In June 2011 fire destroyed a three-story Masonic lodge in downtown New Iberia, leaving a vacant lot along Main Street.  Although I drove past this site for years, it wasn’t until the lodge’s destruction that I noticed an old advertisement painted on the neighboring brick building — an advertisement whose existence had been hidden by the former lodge building.

The faded advertisement read: Bull Durham.

The remains of a Bull Durham Smoking Tobacco ad
on a New Iberia building, 2012.  Parts of the words "Genuine"
and "Smoking" are still visible above and below the brand name.
(Photo by the author)


No, not the 1988 movie featuring Kevin Costner, but a tobacco company and brand based in Durham, North Carolina.  The National Park Service, which has recognized the Bull Durham tobacco factory (also called the W. T. Blackwell and Company tobacco factory) for its historical importance, has referred to Bull Durham tobacco as “the first truly national tobacco brand” and “a part of American industrial history and folklore.” 

In a larger context, the barely visible advertisement is an example of what historians, architects, and others refer to as a palimpsest.

A Bull Durham advertising poster, 1910
(Source: Duke University per UNC-Chapel Hill)

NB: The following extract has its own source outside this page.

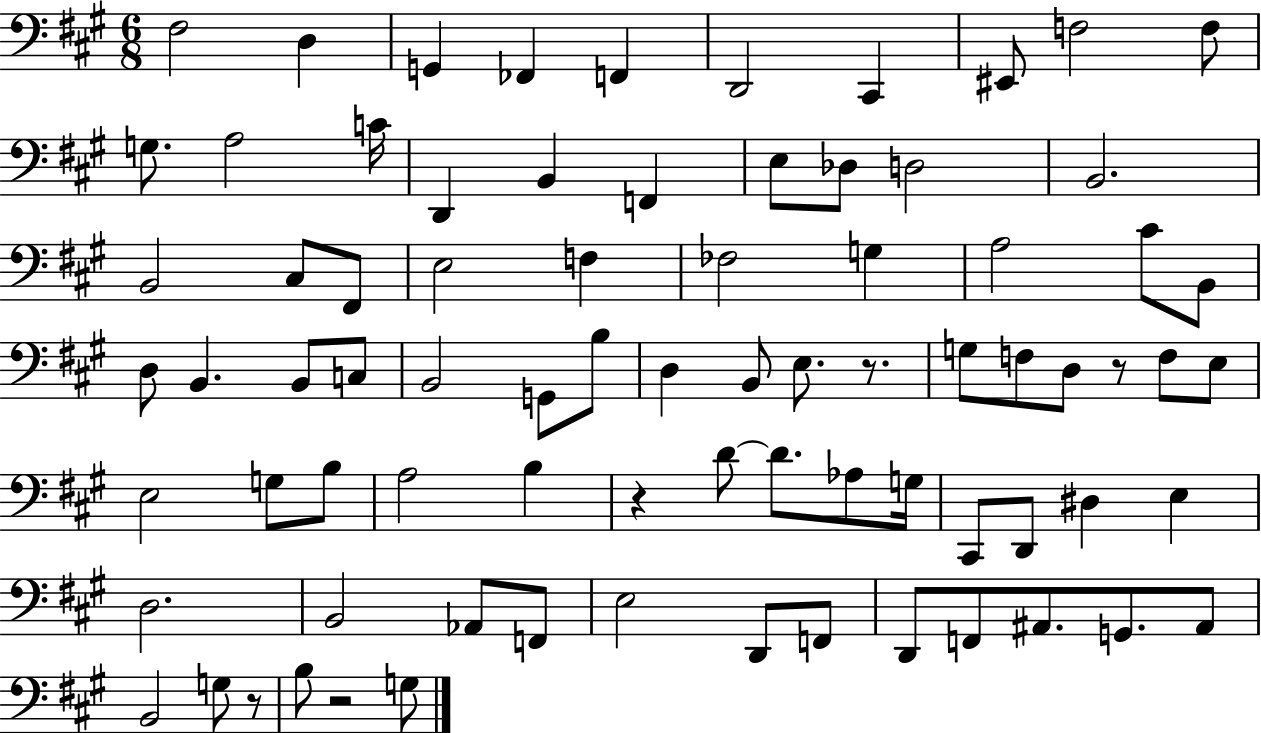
F#3/h D3/q G2/q FES2/q F2/q D2/h C#2/q EIS2/e F3/h F3/e G3/e. A3/h C4/s D2/q B2/q F2/q E3/e Db3/e D3/h B2/h. B2/h C#3/e F#2/e E3/h F3/q FES3/h G3/q A3/h C#4/e B2/e D3/e B2/q. B2/e C3/e B2/h G2/e B3/e D3/q B2/e E3/e. R/e. G3/e F3/e D3/e R/e F3/e E3/e E3/h G3/e B3/e A3/h B3/q R/q D4/e D4/e. Ab3/e G3/s C#2/e D2/e D#3/q E3/q D3/h. B2/h Ab2/e F2/e E3/h D2/e F2/e D2/e F2/e A#2/e. G2/e. A#2/e B2/h G3/e R/e B3/e R/h G3/e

The word palimpsest descends from the Latin palimpsestus, which in turn comes from the Greek palimpsÄ“stos, meaning “scraped again.”  This refers to the ancient practice of scraping the writing off a piece of parchment or vellum so that it might be reused.

Likewise, the remains of old painted advertisements are referred to as palimpsests because of their resemblance to old, scraped manuscripts that here and there, beneath their surfaces, reveal traces of earlier words.

Palimpsests for N. J. Breaux's furniture
and appliance store, New Iberia, La., 2012.
(Photo by the author)


A look around New Iberia revealed other palimpsests, such as that for N. J. Breaux’s furniture and appliance store.  Despite its timeworn appearance, the Breaux advertisement cannot be that old because it refers to “Television,” which only became a common appliance after World War II and particularly after 1950.  Indeed, as I point out in my book The Cajuns: Americanization of a People, in 1950 less than 1 percent of households in rural and small-town south Louisiana had television; but by 1960 the percentage had jumped to about 80 percent — an amazing increase in only a decade.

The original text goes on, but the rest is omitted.